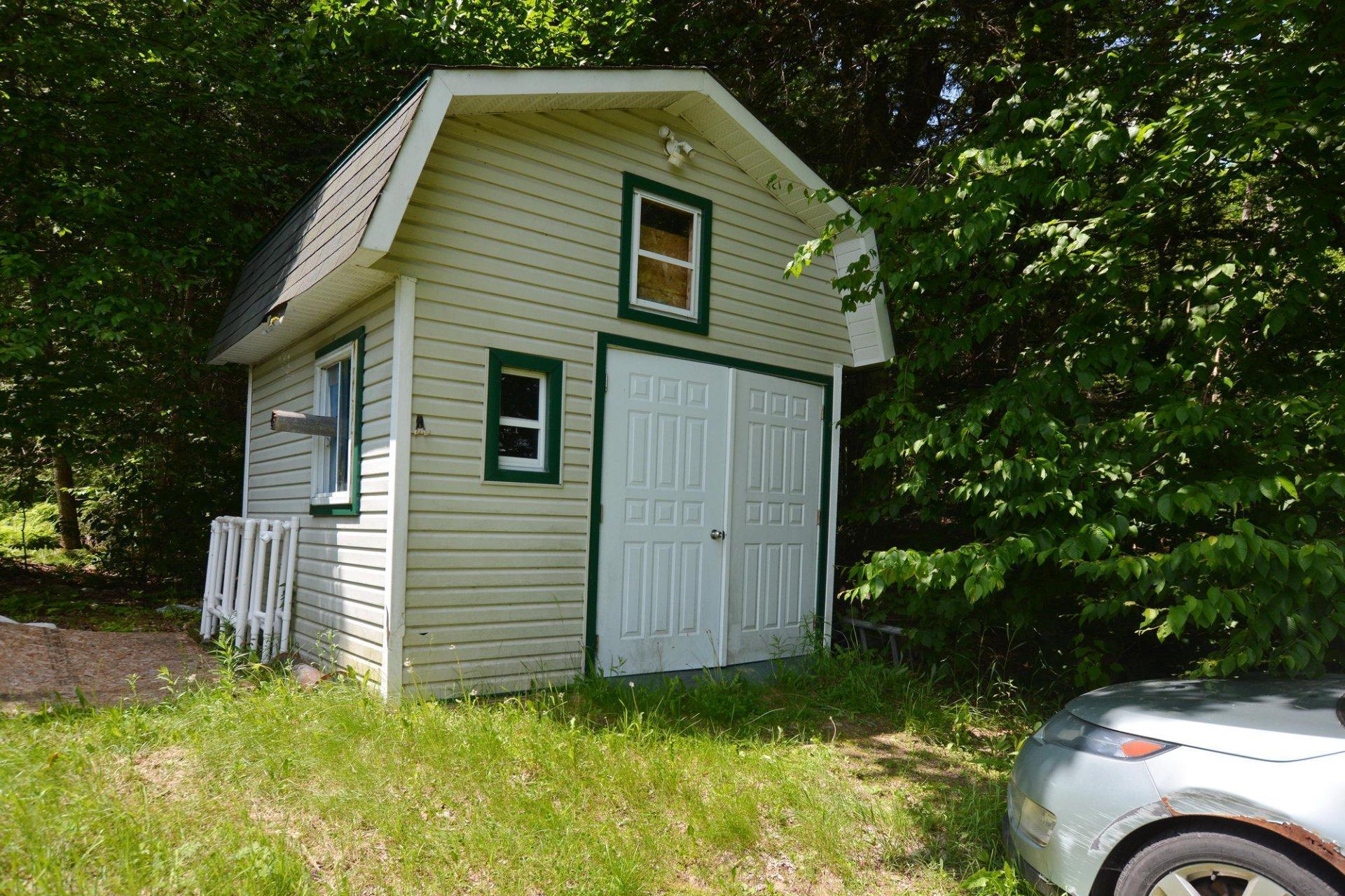 









327


Ch. de la Rouge

,
Huberdeau,




QC
J0T1G0

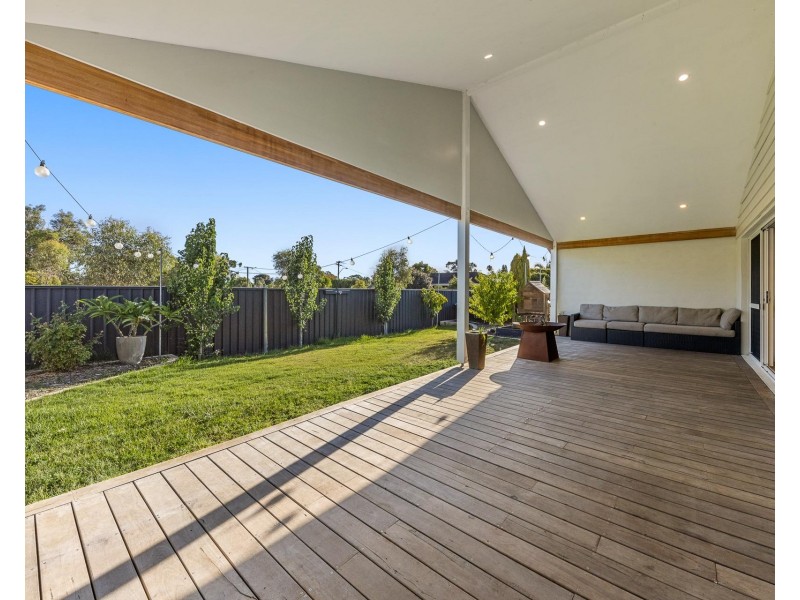 36 Eclipse Way, Beckenham WA 6107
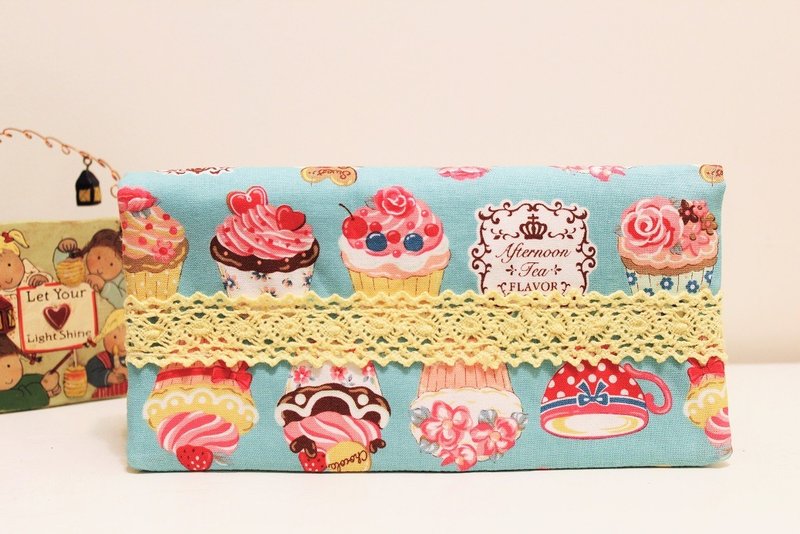 【十木米．Lorenza】PaLa优雅系长夹 #杯子蛋糕  森林系 长夹 护照套 - 皮夹/钱包 - 其他材质 蓝色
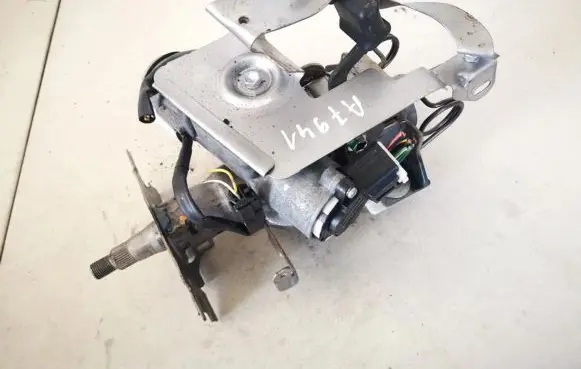 Toyota Avensis T250 Steering wheel axle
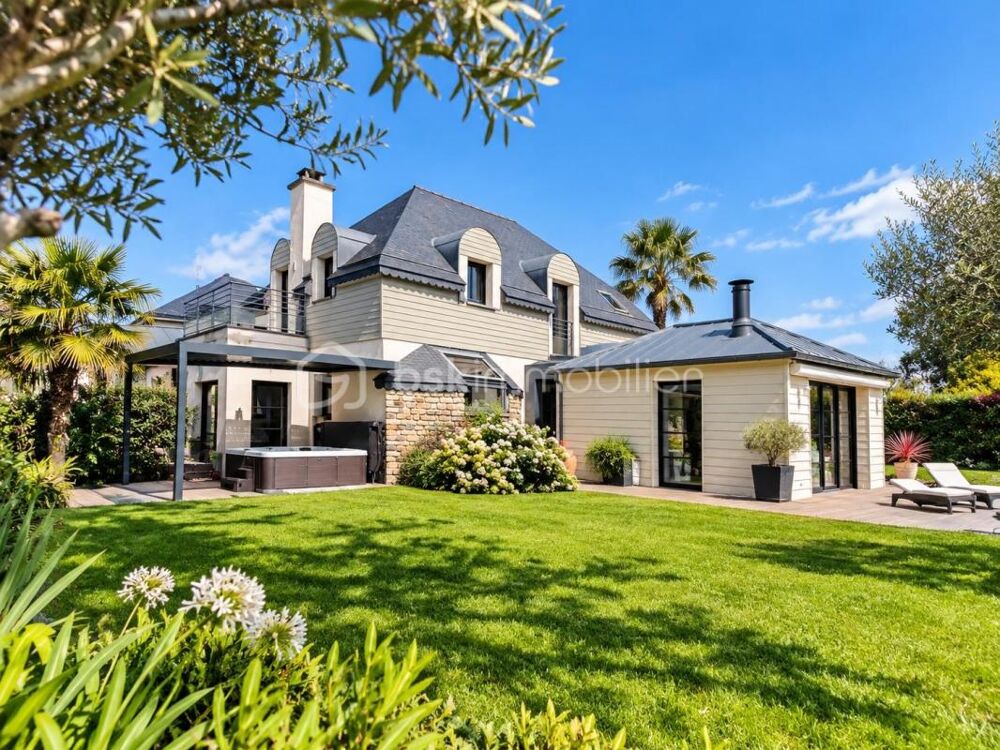 Rare à Dinard  Élégante propriété rénovée de 252 m² avec maison damis, double garage et jardin paysager clos de 1 700 m²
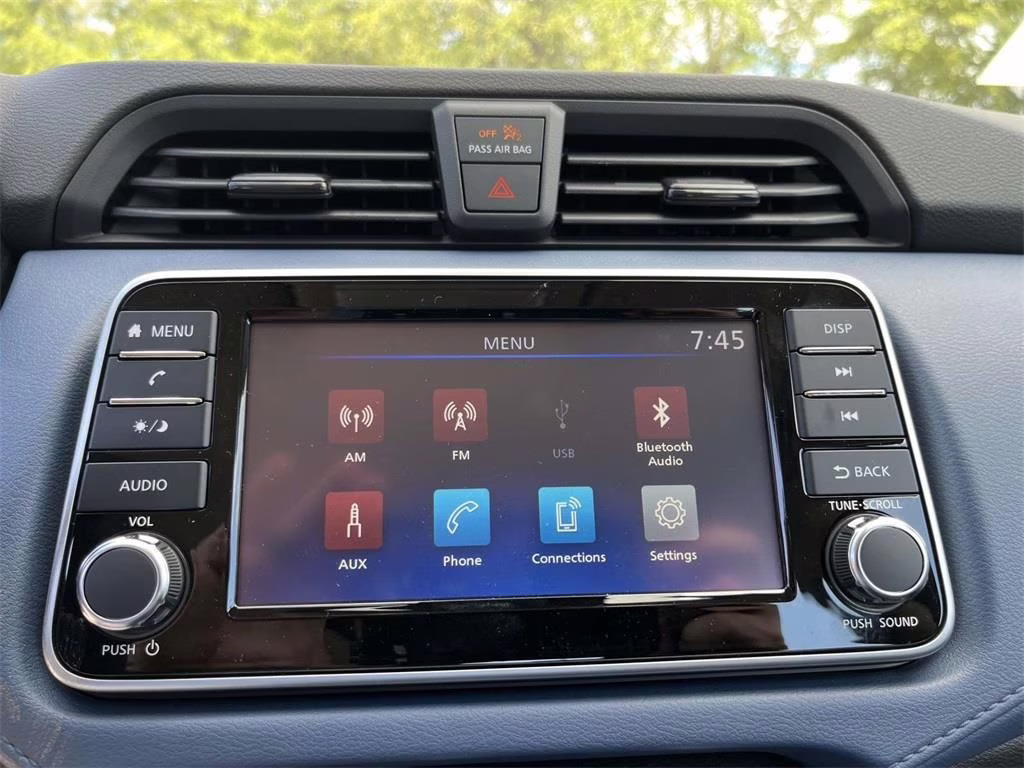 2025 Gray Sky Pearl Nissan Versa 1.6 SV FWD Sedan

▬▬▬▬▬▬▬▬▬▬

**TASK INSTRUCTIONS**: Repeat the records word for word and drop any pictures.

**RESPONSE TO THIS EXERCISE**:
327


Ch. de la Rouge

,
Huberdeau,




QC
J0T1G0

 36 Eclipse Way, Beckenham WA 6107
 【十木米．Lorenza】PaLa优雅系长夹 #杯子蛋糕  森林系 长夹 护照套 - 皮夹/钱包 - 其他材质 蓝色
 Toyota Avensis T250 Steering wheel axle
 Rare à Dinard  Élégante propriété rénovée de 252 m² avec maison damis, double garage et jardin paysager clos de 1 700 m²
 2025 Gray Sky Pearl Nissan Versa 1.6 SV FWD Sedan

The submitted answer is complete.